The Okanagan Basin spans two countries and comprises the basin of Okanagan Lake, the Okanogan River and tributary valleys such as that of the Similkameen and Chelan Rivers. In Canada the basin constitutes two distinct regions within British Columbia, the Similkameen Country to the west and the main Okanagan region running from the communities of Osoyoos in the south to Armstrong in the north – incorporating most of the three Okanagan regional districts and is usually known as "the Okanagan" or as the Okanagan Valley or the Okanagan Country. In the United States, the Okanogan Country is the western, lowland core of Okanogan County, which like its Canadian counterpart has a history and economy based on ranching, gold, fruit orcharding and vineyards, but the basin includes Lake Chelan and other flanking valleys. Communities in Washington's Okanogan Basin include Pateros, Omak, Okanogan, Oroville and Brewster.

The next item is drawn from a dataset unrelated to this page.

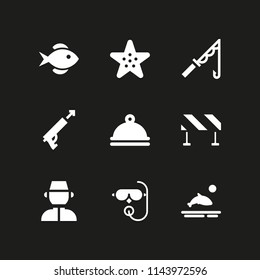 fish icon set with fish, scuba diving and starfish vector icons for web and graphic design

Almost 200 km long and 8000 km^{2} in area, the Canadian portion of the Okanagan watershed is approximately 2/3 the size of Vancouver Island. Okanagan Lake dominates the basin which contains many small lakes and watercourses. The Okanagan Valley was carved out by glaciers, and when the ice retreated approximately 10,000 years ago, the Canadian portion of the basin was filled with one huge waterbody, Lake Penticton. The Valley was scoured to something like its current state when an ice dam at the southern end of Lake Penticton melted, emptying most of the valley.

The Canadian Environmental Grantmakers’ Network considers the Okanagan Basin to be the most arid watershed in Canada, with an urgent need for effective water management. The Okanagan Basin Water Board was established more than 35 years ago, to provide leadership on regional water issues, taking a basin-wide perspective and seeking collaborative solutions.